|
|
|
|
|
by hibikir
1050 days ago
|
|
I have had to make that Clustered RabbitMQ to Kafka move myself, as the failure modes from RabbitMQ we're very scary. The most scary thing in the entire infrastructure in that financial institution levels of scary. It's not that it failed much, but you don't need many middle of the night calls with no good SOP to get the cluster back to health before migrating is in the cards. Kafka is not operationally cheap. You probably want a person or two that understands how JVMs works, which might be something you already have plenty of, or an unfortunate proposition. But it does what is on the tin. And when you are running fleets of 3+ digits worth of instances, very few things are more important. |
|
A distributed database will have network failures, will have conflicting writes, will have to either pick between being down if any of the network is down (CP) or you need a "hard/complex" scheme for resolving conflicts (AP). Cassandra has tombstones, cell timestamps, compaction, repair, and other annoying things. Others databases use vector clocks which is more complex and space intensive than the cell timestamps.
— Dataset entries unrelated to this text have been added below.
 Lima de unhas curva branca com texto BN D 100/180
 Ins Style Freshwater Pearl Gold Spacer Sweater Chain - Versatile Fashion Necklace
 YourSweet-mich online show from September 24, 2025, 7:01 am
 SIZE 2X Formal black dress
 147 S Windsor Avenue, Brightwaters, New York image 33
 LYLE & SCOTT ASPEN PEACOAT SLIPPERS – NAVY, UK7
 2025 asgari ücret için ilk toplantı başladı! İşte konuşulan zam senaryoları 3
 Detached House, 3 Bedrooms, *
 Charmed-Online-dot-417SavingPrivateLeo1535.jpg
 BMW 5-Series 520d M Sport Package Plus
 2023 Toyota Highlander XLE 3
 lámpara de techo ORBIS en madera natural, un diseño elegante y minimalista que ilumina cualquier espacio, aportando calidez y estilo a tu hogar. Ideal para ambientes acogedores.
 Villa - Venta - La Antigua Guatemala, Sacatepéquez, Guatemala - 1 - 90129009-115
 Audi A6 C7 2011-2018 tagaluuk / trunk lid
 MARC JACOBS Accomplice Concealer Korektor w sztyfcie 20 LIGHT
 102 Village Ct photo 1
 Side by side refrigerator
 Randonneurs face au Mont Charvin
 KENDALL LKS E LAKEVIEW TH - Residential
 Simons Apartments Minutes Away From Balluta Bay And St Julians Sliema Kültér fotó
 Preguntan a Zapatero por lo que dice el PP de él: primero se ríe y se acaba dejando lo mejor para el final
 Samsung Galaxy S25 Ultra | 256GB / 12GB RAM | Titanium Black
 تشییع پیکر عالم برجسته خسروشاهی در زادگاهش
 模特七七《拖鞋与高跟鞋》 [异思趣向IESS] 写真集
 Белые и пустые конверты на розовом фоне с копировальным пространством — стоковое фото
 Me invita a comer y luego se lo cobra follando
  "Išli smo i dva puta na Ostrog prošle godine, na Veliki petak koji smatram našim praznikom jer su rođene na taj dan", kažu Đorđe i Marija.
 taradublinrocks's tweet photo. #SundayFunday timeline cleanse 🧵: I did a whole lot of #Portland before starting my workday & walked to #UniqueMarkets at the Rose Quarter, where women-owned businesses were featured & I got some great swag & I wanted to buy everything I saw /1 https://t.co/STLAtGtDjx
It's tiring to have move fast break things attitudes applied to databases. Yeah, sure your first year of your startup can have that. But your database is the first thing to formalize, because your data is your users/customers, you lose your data, you lose your users/customers. And sorry, but scaling data is hard, it's not a one or two sprint "investigate and implement". In fact, if you do that, unless you are doing a database the team has years of former experience with in admin and performance, you are doing it wrong.
"AWS/SaaS will eliminate it for me"
Hahahahaha. No it won't. It will make you life easier, but AWS DOESN'T KNOW YOUR DATA. So if something is corrupted or wrong or there is a failure, AWS might have more of the recovery options turnkeyed for you, but it doesn't know how to validate the success for your organization. It is blind trust.
AWS can provide metrics (at a cost), but it doesn't know performance or history. You will still need, if you data and volumes are any scale, how to analyze, replicate, performance test, and optimize your usage.
And here's a fun story, AWS sold its RDS as "zero downtime upgrades". Four or five years later, a major version upgrade was forced by AWS .... but it wasn't zero downtime. Yeah, it was an hour or so and they automated it as much as they could. But it was a lie. And AWS forced the upgrade, you had no choice in the matter.
Most clustering vendors don't advertise (or don't even know) what happens in the edge cases where a network failure occurs in the cluster but the writes don't propagate in the "grey state" to all nodes. Then the cluster is in a conflicted write state. What's the recovery? If you say "rerun the commit log on the out of sync nodes" you don't understand the problem, because deletes are a huge wrench in the gears of that assumption.
From my understanding of Cassandra, which kafka appears from the numerous times I've looked to be similar too with quorums and the like, it's built on a lot of the partition resilient techniques.
And, kafka has undergone Jepsen: https://aphyr.com/posts/293-jepsen-kafka
For those that don't know, aphyr will embarrass any distributed system given enough time. What is important is that
1) the distributed system is willing to subject itself to him and
2) they have a satisfactory response.
For an example of an unsatisfactory response, I give you MongoDB:
https://jepsen.io/analyses/mongodb-4.2.6
Note the "updates" section doesn't actually have them retry/repeat the testing. MongoDB just ran from the report. They claim it was fixed.
Anyway, if a system doesn't do that (submit to jepsen testing), then IMO it is hiding some big big big red flags.